ESPN 30 for 30: Hillsborough

ESPN’s documentary strand has produced some classic films.  One thinks of the rather splendid Four Days In October about the miracle of the Boston Red Sox’s comeback from 3-0 down in the 2004 ALCS.  But whilst that film shows the glory of what sport can do to a city Hillsborough shows what must rank as one of world sport’s darkest days: from the simple fact of 96 people dying watching a football match to the cover-up of what really happened that April day in 1989 that followed for more than 20 years.

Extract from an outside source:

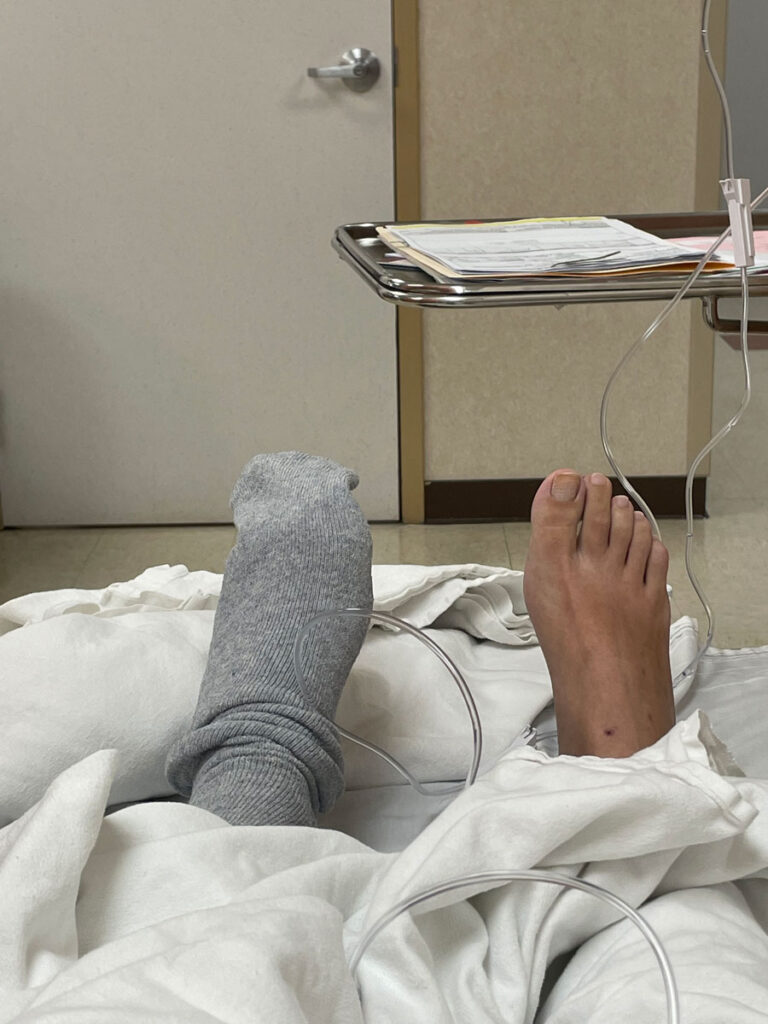 Surgery for neuromas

You can’t yet watch Hillsborough in the UK.  It’s taken twenty-five years to get an inquiry that might finally unearth the truth – or, at least given how much is now accepted as fact even before the inquiry opens, hold those responsible for what happened to account.  There’s very little need to rehearse all over again the mechanics of the tragedy.  Hillsborough, like virtually every ground at the time, was a nonsense venue. Spectators held in pens built by people with no understanding of crowd control or escape routes.  South Yorkshire Police as an organisation more concerned with holding back the plebian masses than with proper event management.  No stewarding.  Lessons from previous events passing unlearnt.

So the film has all that.  What is also has, through both on-the-day and archive footage, and clever use of photographs to show how the ground was set up, is the specifics.  Why the crowd built as it did, how it came to be in the central pens at the Leppings Lane end, and so on.  It also, damningly, shows the views the SYP had and how their reactions might be interpreted as being wholly inappropriate for the gathering storm.  Let’s leave it at that.

There are first-hand accounts from survivors and relatives – and some sympathetic voices from bobbies doing their job.  If you can make it past 45 minutes in without needing to pause you’ll have done well.  There is harrowing but vital to see footage of the dying and injured being treated on the field – whilst the police form a line to prevent the non-existent threat of hooliganism from occurring.  There’s no outside narrative voice but the talking heads lead us through all the salient points.

We then move on to the deliberate besmirching of the dead – even as some of them were possibly still breathing. One fan, interviewed here, loses it for a moment when speaking about how ‘The Truth’ portrayed them.  But it’s their collective dignity in the face of this bullshit that will stick with you.

There’s two hours of this and it’s a fucking hard watch.  On a popular video sharing site it’s currently split into 7 parts.  I could only make it through by watching one part at a time and then having a breather.  Even typing about it and thinking back to it leaves me reeling slightly.

It ends about as positively as this disgraceful episode ever could.  The independent inquiry totally exonerating the fans and opening up a new inquiry – one that might just not take the Establishment line but which it is doubtful whether will lead to any true justice.

Credit to ESPN for this film.  They didn’t have to make it.  Credit also to the measured way in which Daniel Gordon’s direction brings out the story.  It appears to have been pretty well received in the States even though for them Hillsborough must be soccer pre-history.  Hopefully one day we’ll get to see it on TV in the UK.  The voices from that day deserve to be heard and never forgotten.